Ce préalable, qui est tout autant gouverné par la mégalomanie -
salutaire - que l'intelligence et l'intuition, suppose que l'artiste ait
su, intellectuellement et sensiblement, se faire une conscience aiguë du
tableau et des moments singuliers de son histoire jusqu'à elle...}
Christine Buci-Gluksmann
Catalogue de la Galerie Debras-Bical, Bruxelles,1995
{... « La grille figée empêche la figuration bien que celle-ci puisse
être perceptible pour quiconque cherche à la déceler». C'est en ces
termes que Gerhard Richter énonce le paradoxe de la grille dans l'art
contemporain et son ambivalence par rapport à la «figuration». Aussi, à
la différence de la grille moderniste qui affirmait l'autonomie de l'art
et mettait en place chez Mondrian ou Agnès Martin une structure d'ordre,
emblème et mythe du pictural, ici la grille n'existe qu'à effacer «la
figuration» pour mieux la faire réapparaître.
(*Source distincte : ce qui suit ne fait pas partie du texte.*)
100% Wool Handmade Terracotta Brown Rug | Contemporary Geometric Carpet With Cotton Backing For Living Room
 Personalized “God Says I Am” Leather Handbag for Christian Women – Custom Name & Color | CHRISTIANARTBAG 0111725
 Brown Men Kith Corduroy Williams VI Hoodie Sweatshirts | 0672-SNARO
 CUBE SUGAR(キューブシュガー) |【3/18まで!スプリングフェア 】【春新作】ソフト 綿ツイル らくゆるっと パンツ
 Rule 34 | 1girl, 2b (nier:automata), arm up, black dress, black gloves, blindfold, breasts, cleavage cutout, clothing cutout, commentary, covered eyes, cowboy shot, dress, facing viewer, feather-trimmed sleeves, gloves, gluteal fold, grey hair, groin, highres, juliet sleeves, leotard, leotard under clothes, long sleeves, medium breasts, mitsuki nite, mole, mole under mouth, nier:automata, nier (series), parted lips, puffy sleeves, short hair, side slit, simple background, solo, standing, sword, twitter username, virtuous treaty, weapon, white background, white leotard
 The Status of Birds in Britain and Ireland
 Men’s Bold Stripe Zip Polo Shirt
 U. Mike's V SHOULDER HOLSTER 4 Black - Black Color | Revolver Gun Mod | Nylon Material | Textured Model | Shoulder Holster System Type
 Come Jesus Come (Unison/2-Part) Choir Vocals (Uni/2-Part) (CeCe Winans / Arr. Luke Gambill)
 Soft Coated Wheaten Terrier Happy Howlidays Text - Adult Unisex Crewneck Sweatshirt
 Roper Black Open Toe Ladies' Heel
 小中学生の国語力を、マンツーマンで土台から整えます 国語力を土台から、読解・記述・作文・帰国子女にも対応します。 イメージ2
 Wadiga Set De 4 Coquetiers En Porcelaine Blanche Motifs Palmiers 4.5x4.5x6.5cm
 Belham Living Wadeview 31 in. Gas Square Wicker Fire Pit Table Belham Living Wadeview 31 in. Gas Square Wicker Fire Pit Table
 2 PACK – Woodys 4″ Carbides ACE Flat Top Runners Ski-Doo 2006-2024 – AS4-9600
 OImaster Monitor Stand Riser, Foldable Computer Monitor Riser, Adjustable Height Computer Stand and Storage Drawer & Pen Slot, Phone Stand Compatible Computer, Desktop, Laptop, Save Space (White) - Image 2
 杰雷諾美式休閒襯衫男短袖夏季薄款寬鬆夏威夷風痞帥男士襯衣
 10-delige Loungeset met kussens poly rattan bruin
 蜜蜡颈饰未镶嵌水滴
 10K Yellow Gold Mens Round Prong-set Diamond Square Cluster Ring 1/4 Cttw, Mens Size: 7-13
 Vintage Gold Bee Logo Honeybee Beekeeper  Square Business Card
Indifférente à l'opposition historique entre l'abstrait et le figuratif,
elle obéirait à une toute autre logique et mettrait en oeuvre de
nouvelles procédures: figer, empêcher, révéler. Elle serait comme
l'interface miroirique du monde où l'ordre et l'aléatoire
s'inscriraient...}
Jacques Py
Catalogue de la Galerie l’Agart, Amilly, 2002
{... Une fenêtre ou une porte ouverte? En fait les deux, car en bas de
la toile un trait en biais esquisse un seuil. Henri Matisse,
Porte-fenêtre à Collioure, 1914. Dans cet encadrement qui nous fait
supposer un espace, le peintre refuse de voir et de nommer; était-ce
donc la guerre qui avait obscurci le ciel ou bien une simple nuit
d'encre? Volontairement occultée par un recouvrement radical de pigments
noirs, cette porte-fenêtre ouvre sur les obscures coulisses d'un paysage
oblitéré. L'oeuvre porte le deuil opaque de la clarté du jour et de la
représentation. Le peintre a rompu ici avec sa soumission au visible,
afin que sa peinture puisse n'être que ce visible même.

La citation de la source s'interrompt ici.